I mention Moon money and my clique's investment in space because I was surprised by a recent article that discussed the space economy. I quote the following from the U.S. Department of Commerce Forward to a January 6, 2021 paper from NewSpace New Mexico titled SPACE POLICIES FOR THE NEW SPACE AGE: Competing on the Final Economic Frontier publication -
"The ability to maintain a competitive advantage in the global space economy requires all of the tools available to government and industry in a free-market system. Government activities - whether as a first adopter, a predictable customer, or a regulator - will remain important, but PRIVATE SECTOR innovations, both technical and non-technical, are the primary drivers of competitive advantage in our properly ambitious pursuit of space exploration and space commerce. . .
. . . Financial and insurance innovations must occur at the same exponential rate as the technical and business model developments that drive the space industry. As important risk-shifting mechanisms for a very broad and diverse American entrepreneurial base, new tools will be required to support the infrastructure and other longer-term support activities identified in this chapter. Innovative ideas for creating a space bank, use of tax credits, space bonds, and even a space commodities exchange, among others, merit careful consideration for inclusion into the U.S. toolkit for creating and sustaining advantage. International space partnerships are an essential part of this strategic competition. . .

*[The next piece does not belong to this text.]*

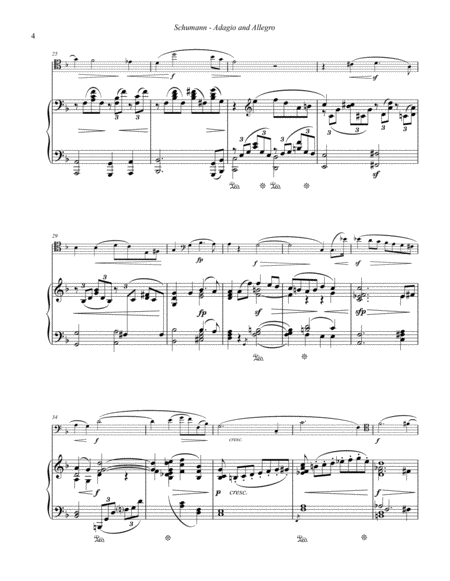 Adagio and Allegro, Op. 70 for Tenor Trombone and Piano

. . . will carry us into the heavens to explore the Moon and other planets, and will create breath-taking new capabilities to improve our lives back on Earth for all of humanity."
Then there is this from a February 12, 2021, Pentagon strategy study – "Throughout the 2020s, space activity – especially commercial space activity – will accelerate as new actors, both national and commercial, get in the game."
Finally, from the Space Safety Magazine Website – "Space manufacturing is particularly dependent on institutional civil and military investment. The traditional massive involvement of public actors in space can be explained with the particular features of this sector, whose complexity and economic parameters might sometimes discourage the private sector. In fact, a profit-maximizing firm shall likely invest and establish an efficient, cost-effective business model targeting a lucrative segment of the market, while a Government might address to other results that don't depend on profitability. However, THE INCREASING NUMBER OF PRIVATE ENTITIES CURRENTLY ENGAGED IN SPACE ACTIVITIES is gradually operating a shift in the traditional roles of the public and private sector."
Just in case you missed it, this is from yesterday's L.A. Times – "Nicaragua has created a new National Ministry for Extraterrestrial Space Affairs, The Moon and Other Celestial Bodies, which is drawing amused reactions on social media in a nation that has been struggling since anti-government protests three years ago."
Maybe my Millenial clique and SKYWARD are not science fiction.